The village extends for about ¾ m. along the W.
bank of the river N. of the confluence with the Bourn
Brook and is about 700 yds. E. to W. at the N. end.
Here a wide E. and W. street, formerly a green, lies on
the line of the trackway. To the S.E. is a second street
whose zig-zag course to the bridge is a survival of a
system of paths and lanes between old rectangular
closes; other elements of this gridiron lay-out, e.g. 'Mill
Way', can still be traced. Skinner's map of 1666
(King's College muniments) shows the lay-out in an
earlier stage of disintegration. On a low bluff above
the Brook at N.G. TL 43115487 was Tarter's Well
(perhaps a corruption of 'St. Etheldreda's Well') now
ploughed out but originally connected to the village
by a causeway (S. P. Widnall, A History of Grantchester
(1875), 27–8 and 144–5); the causeway can still be
traced on air photographs.
Grantchester now contains 1392 acres. In 1850 it was
nearly 200 acres larger and included the old Whiteditch
Field and Newnham Crofts (see Monument (24)),
ceded to Cambridge in 1911. The principal feature is a
low watershed between the Bourn Brook and the river.

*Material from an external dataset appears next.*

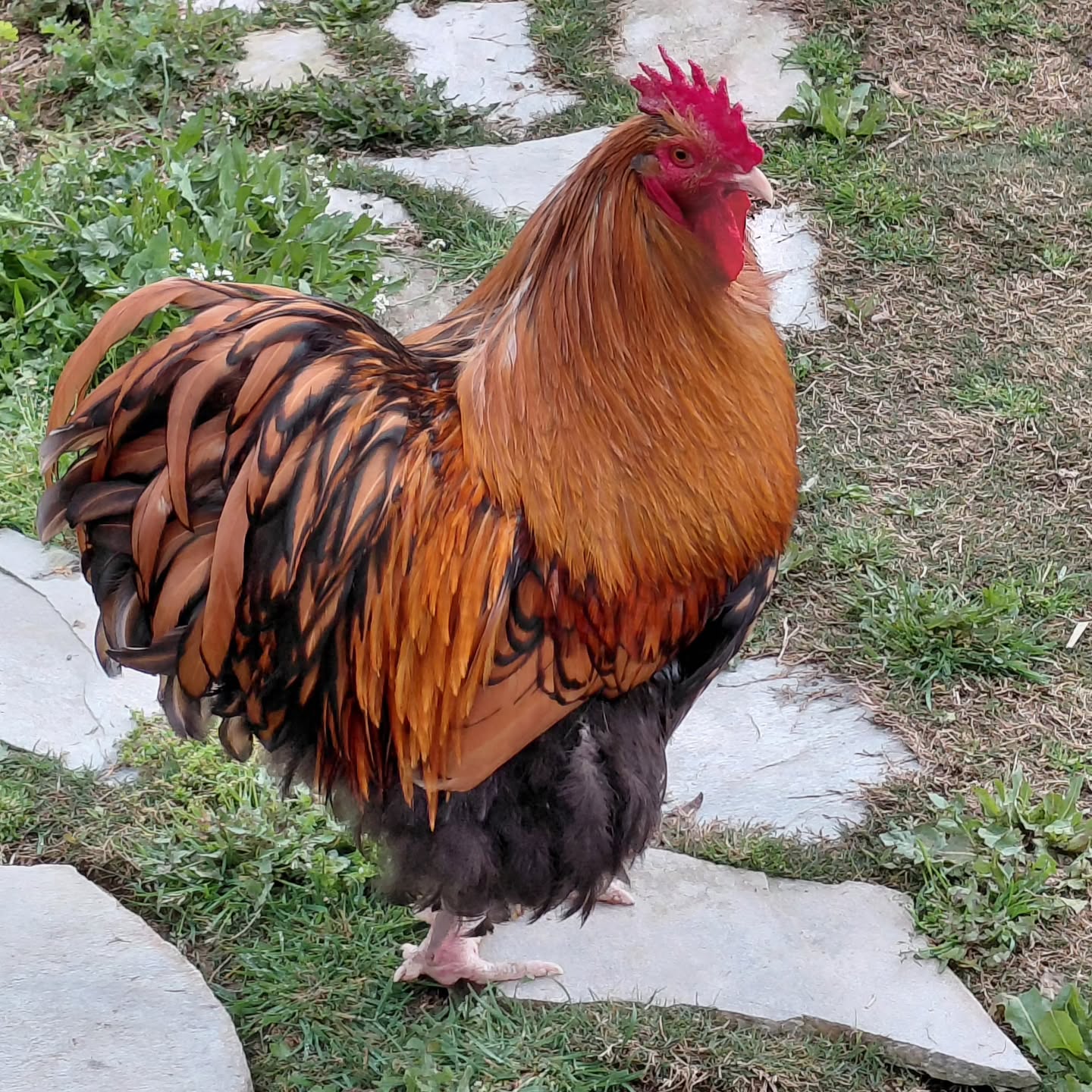 Kral öldü, yaşasın yeni kral.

The land is chalk marl, gault, gravel and alluvium, and
nowhere reaches 100 ft. above O.D. The boundary
mostly follows the river and the brook on the E. and
S.; elsewhere it takes account of pre-existing fields,
except in the N. where it is less indented.
Corpus Christi College have been patrons of the
living since their foundation, but the village also has a
close connection with King's College who in 1452
bought a large estate here from the executors of Henry
Somer, late Chancellor of the Exchequer (John Saltmarsh 'A College Home-Farm in the 15th century',
Economic History III, 11 (Feb. 1936), 155–72). The manor
house (Monument (2)) may have been built by Somer.
In addition to the college connections Grantchester
has been for many years a place of recreation and retirement for the students and scholars of the university in
general. Some of the smaller buildings put up between
1715 and 1850 are not without academic overtones, the
effect of which is enhanced by a pleasant diversity of
materials, including brick, studwork and clay bat.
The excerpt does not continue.